Themis Palpanas is Senior Member of the French University Institute (IUF), a distinction that recognizes excellence across all academic disciplines, and professor of computer science at the Paris Descartes University (France), where he is director of diNo, the data management group. He received the BS degree from the National Technical University of Athens, Greece, and the MSc and PhD degrees from the University of Toronto, Canada. He has previously held positions at the University of California at Riverside, University of Trento, and at IBM T.J. Watson Research Center, and visited Microsoft Research, and the IBM Almaden Research Center.
His interests include problems related to data science (big data analytics and machine learning applications). He is the author of nine US patents, three of which have been implemented in world-leading commercial data management products. He is the recipient of three Best Paper awards, and the IBM Shared University Research (SUR) Award.He is currently serving on the VLDB Endowment Board of Trustees, as an Editor in Chief for the BDR Journal, Associate Editor in the TKDE, and IDA journals, as well as on the Editorial Advisory Board of the IS journal, and the Editorial Board of the TLDKS Journal.
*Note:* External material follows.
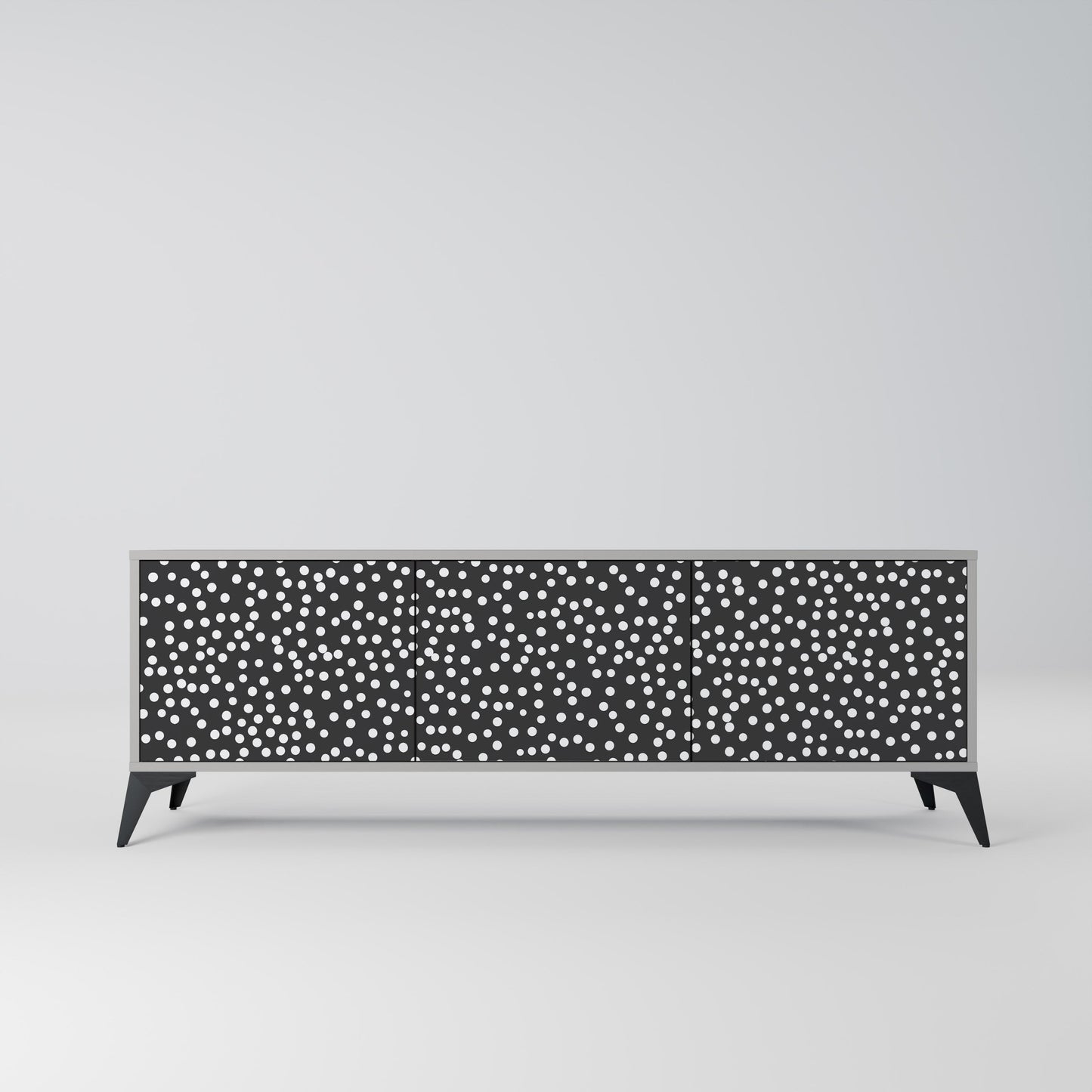 BLINDING LIGHTS 3-Door TV Stand in Grey Finish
He has served as General Chair for VLDB 2013, Associate Editor for VLDB 2019 and 2017, Research PC Vice Chair for ICDE 2020, and Workshop Chair for EDBT 2016, ADBIS 2013, and ADBIS 2014, General Chair for the PDA@IOT International Workshop (in conjunction with VLDB 2014), and General Chair for the Event Processing Symposium 2009.

 

There is an increasingly pressing need, by several applications in diverse domains, for developing techniques able to manage and analyze very large collections of sequences, or data series. Examples of such applications come from social media analytics and internet service providers, as well as from a multitude of scientific domains that need to apply machine learning techniques for knowledge extraction. It is not unusual for these applications to involve numbers of data series in the order of hundreds of millions to billions, which are often times not analyzed in their full detail due to their sheer size. However, no existing data management solution (such as relational databases, column stores, array databases, and time series management systems) can offer native support for sequences and the corresponding operators necessary for complex analytics.
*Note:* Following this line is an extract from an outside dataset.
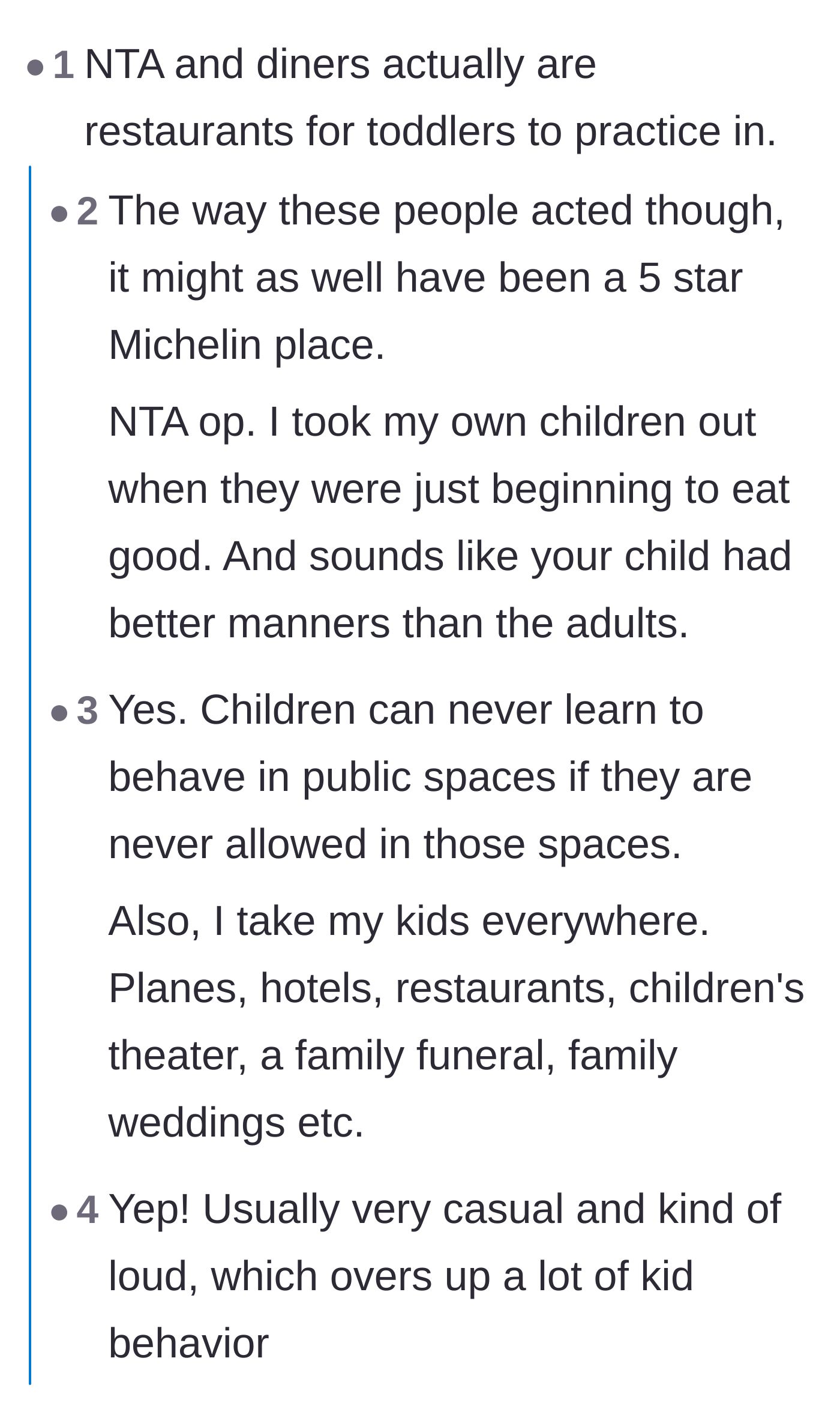 Comment thread 2 - A discussion on how casual diners are the exact places children learn public behavior.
In this talk, we argue for the need to study the theory and foundations for sequence management of big data sequences, and to build corresponding systems that will enable scalable management and analytics of very large sequence collections. We describe recent efforts in designing techniques for indexing and analyzing truly massive collections of data series that will enable scientists to run complex analytics on their data. Finally, we present our vision for the future in big sequence management research, including the promising directions in terms of storage, distributed processing, and query benchmarks.